Il attendit assis sur le couvercle de la cuvette de la toilette au fond comme tous les soirs Jared qui n’allait pas tarder à arriver. Il était étonnamment calme et serein. Il avait sorti les ciseaux et les faisait tournoyer sur son index. Quand Jared entrouvrit la porte, d’un mouvement, il remit les ciseaux en main et sans hésitation planta les lames en direction du torse. Sous l’élan, Jared était tombé en arrière dans un grand fracas. Le premier coup n’avait pas percé profondément sa chair écorchant une surface de peau avant de rencontrer une côte. Mais bien qu’il ne fût visuellement pas très touché, le choc avait bien eu lieu et il poussa un hurlement déchirant. Cependant, ce n’était pas par hasard que Jared le violait ici presque tous les soirs. Les alentours étaient souvent vides à cette heure qui s’approchait du couvre-feu et la majorité du personnel qui ne logeait pas dans l’orphelinat était rentrée chez eux. Shin réitéra sous les coups hasardeux de Jared qui était contracté de spasme causé par la douleur, ce ne fut qu’à la quatrième tentative qu’il réussit à perforer un poumon. Jared s’arrêta de respirer et de se débattre , et ses yeux brûlant de colère fixaient pour la première fois l’enfant au-dessus de lui d’une lueur de peur. Ses lèvres formèrent une lente supplication muette puis Shin, indifférent, abaissa une nouvelle fois les lames qui traversèrent la chair comme un flan.
Alors qu’il reprenait son souffle, Shin se rendit compte qu’il était assis sur la braguette ouverte de Jared et de son caleçon à moitié défait. Il recula à quatre pattes puis dévoila entièrement la verge qui pendait mollement d’un côté. D’une main, il attrapa durement le membre. Quand Jared comprit ses intentions, il eut une plainte étouffée, et tenant sa poitrine sanglante, il implora de ses yeux larmoyants de terreur. Mais, Shin n’avait même pas relevé son regard et sectionna une partie de ses bourses. Jared perdit connaissance.
Il fallut deux coups supplémentaires pour détacher entièrement les tissus. Shin cisailla le reste en des tranches épaisses et difformes.
Un cri surgit à l’entrée des toilettes. Le visage horrifié d’un des enfants de l’orphelinat se présentait à l’embrasure de l'entrée des toilettes. Quel était son nom déjà ? Josh ? Sam ? Tim ? Oui, c’était Tim. Shin était son voisin de table en classe. Il lui fit un sourire gentil mais Tim était déjà devenu livide et l’instant d’après, il recracha le menu du dîner. La soupe verte de petits pois mélangée au yaourt à la vanille s’étalait sur le carrelage en une grosse flasque visqueuse et malodorante.

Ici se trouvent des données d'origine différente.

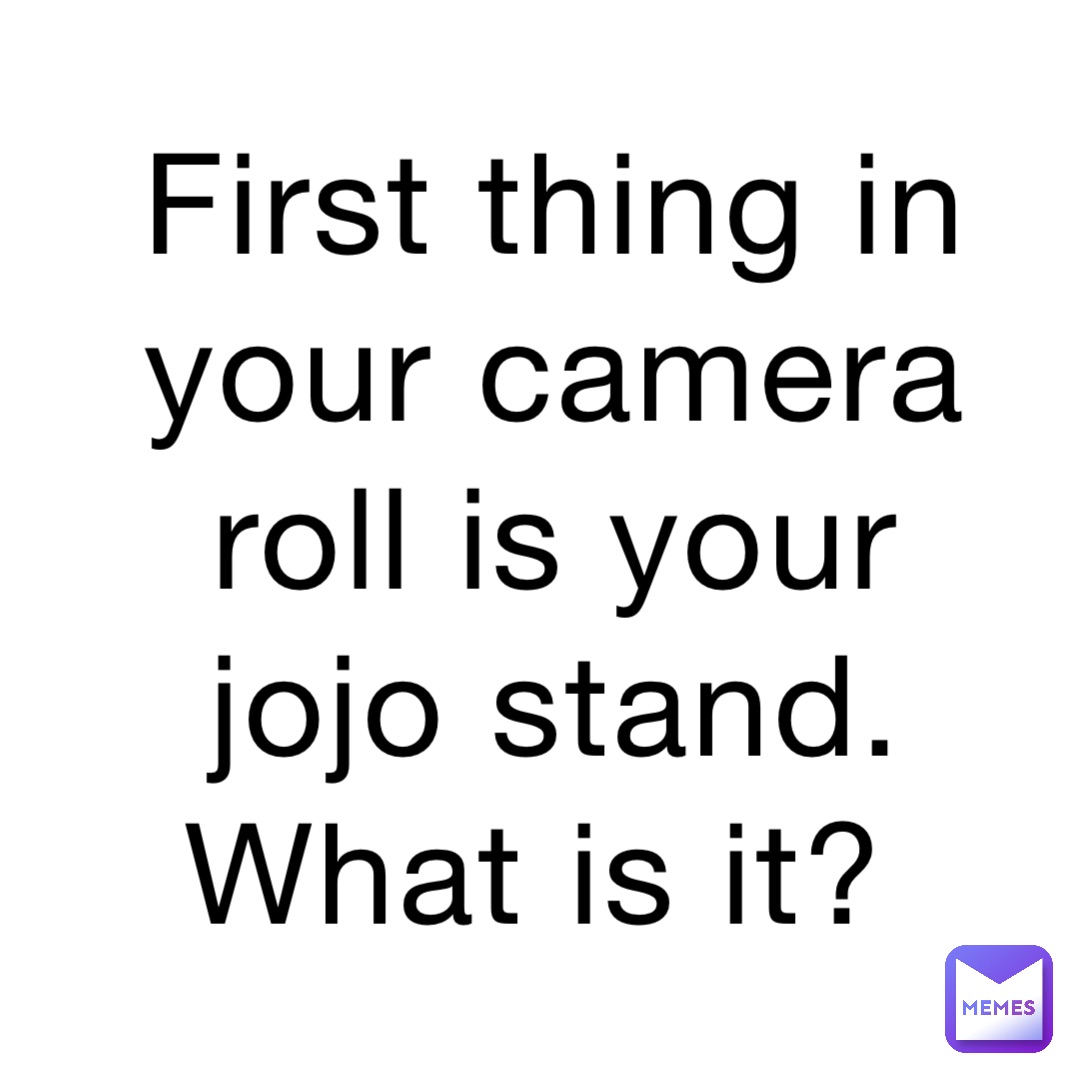 First thing in your camera roll is your jojo stand. What is it?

Et, Shin, comme s’il n’avait jamais vu ses mains, vit tout le sang gorgé dans sa peau et le corps en dessous de lui, crevé de toutes parts.
L’absence des trois élèves ou les bruits finirent par rameuter le personnel qui découvrit avec horreur le spectacle macabre.
L’hôpital de la région n’était pas loin et une ambulance rappliqua rapidement sur les lieux. Shin avait laissé tomber ses ciseaux et était resté figé à la suite des événements. Il ne dit plus un mot.
Toutes les méthodes, les questions douces aux accusations violentes, rien n’y fit. Parfois, très rarement, il sortait une phrase. Elle ne répondait jamais à la question, ni à toutes les autres interrogations, s’apparentant plus à une suite de quelques mots incompréhensibles.
Le médecin en charge de l’affaire avait rapporté les sévices qu’avait reçus le coupable depuis apparemment un bon moment. Cela lui évita la peine capitale. On l’interna dans un centre médical spécialisé pour mineur.
► ☽ ◄
Journal du docteur March sur le patient n˚***
Extrait 01 L’enfant vient d’être transféré dans notre établissement.
J’ai dû refréner le sourire qui s’élargissait jusqu’à mes oreilles à la nouvelle. Cela a dû ressembler à une sorte de mauvaise grimace, la secrétaire avait un drôle d’air quand elle a vu mon visage.
J’ai pu avoir un entretien rapide avec lui. Comme les médias en avaient divulgué, l’enfant parle très peu et ne tient que des propos discordants sans aucun lien entre eux. Bien qu’on puisse associer ce trouble à l’un des symptômes de la schizophrénie, j’ai le pressentiment que ce n’en soit pas la cause, et ce, malgré l’avis du médecin juriste. Il me tarde d’analyser plus en profondeur ce cas très spécial.Extrait 02Bien deux semaines qui viennent de s’écouler et aucun changement perceptible sur le patient.
Il est atteint de trouble de stress post-traumatique dans laquelle surviennent les symptômes typiques : hallucinations, crise d’hystérie, mutilations... Je lui ai prescrit à regrets divers calmants qui lui donne un état apathique peu passionnant à étudier.
Je sais qu’il ne faut pas s’attendre à des miracles dès les premiers jours mais je commence à douter de mes précédentes certitudes. Le patient ne recèle-t-il peut-être pas de mystère ?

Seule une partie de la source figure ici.